Music Genre Clustering #4 – Mel-Frequency Cepstral Coefficients

Mel-Frequency Cep-WHAA??

Uhh yeah, pretty much what the title says lol.

Okay, let’s back up about 3 days. I’ve been doing a bit of light research on how to meaningfully extract features out of a song. In fact, this can probably be generalized to sounds in general because I’m by no means an expert on any of this and I’m just scratching the surface of signal processing for audio, period.

Last post, I hand-picked a few songs of different genres to look at. I looked at 3 plots, the spectrogram, the chromagram, and the tempogram. The spectrogram gives us a sense of treble and bass, the chromagram gives us a sense of the key of the song, and the tempogram gives us a sense of… well, the tempo.
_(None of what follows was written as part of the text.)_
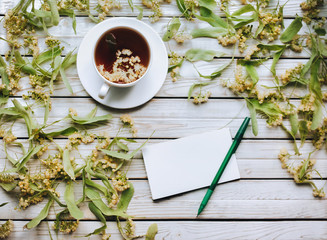 The recipe is written out to the patient, a pen and a notebook. Influenza, acute and respiratory diseases. Tea in a cup of dried flowers of lime on a wooden background. Full recovery, copy space.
I saw how, for songs with more of a synthesized sound (techno, hip hop), the chromagram had a lack of focus for tones and keys. Synthesized sounds also unnaturally organized the spectrogram into treble and bass regions due to the ability to perform digital filtering. The tempogram gave us information about either how consistent tempo was in the song or how cleanly a tempo-setting instrument could be deciphered. This is all fine and dandy, but what exactly will the features of our model be?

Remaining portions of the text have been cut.